So with similar figures, the corresponding sides will all be proportional. But before I can use ratios, I have to use the distance formula, [tex] \sqrt{(x_2-x_1)^2+(y_2-y_1)^2} [/tex] on BC and IJ.
B = (-3,0)
C = (-1,1)
[tex] \sqrt{(-1-(-3))^2+(1-0)^2} [/tex]
Firstly, solve the parentheses: [tex] \sqrt{(2)^2+(1)^2} [/tex]
Next, solve the exponents: [tex] \sqrt{4+1} [/tex]
Next, solve the addition, and your answer will be √5.

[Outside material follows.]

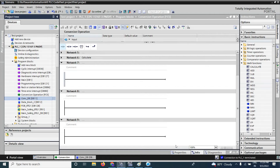Hello viewers, welcome back. In this video, I will make a function that will give us a quotient and remainder when we divide a number by another.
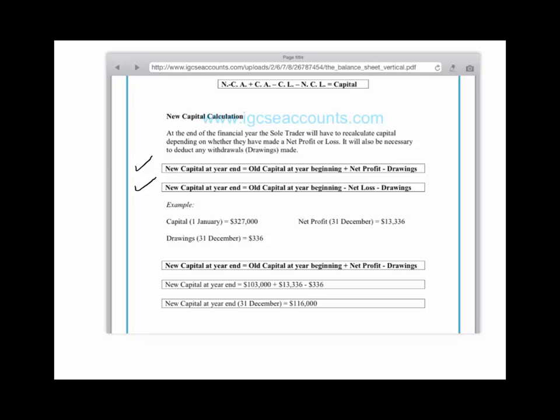In this example, we're looking specifically at the finance section and we can see that the owner brought in originally $103,000. When you add that to the amount of profit that was made, which was $13,336, then minus the $336 in drawings, you're left with a new capital of $116,000.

(The process with IJ will be similar, so I'll just go through it real quickly.)
I = (5,0)
J = (6,1)
[tex] \sqrt{(6-5)^2+(1-0)^2}\\ \sqrt{(1)^2+(1)^2}\\ \sqrt{1+1}\\ \sqrt{2} [/tex]
Now we can do the ratios:
[tex] \frac{BC}{IJ} =\frac{CD}{JK} =\frac{DE}{KL} =\frac{EF}{LM} =\frac{FG}{MN} =\frac{GA}{NH} =\frac{AB}{HI}\\ \frac{\sqrt{5}}{\sqrt{2}}=\frac{4}{2} =\frac{2}{1} =\frac{2}{1} =\frac{1}{1} =\frac{4}{2} =\frac{2}{1} [/tex]
From the ratios above, we can see that the sides are all not proportionally the same, therefore these figures are not similar.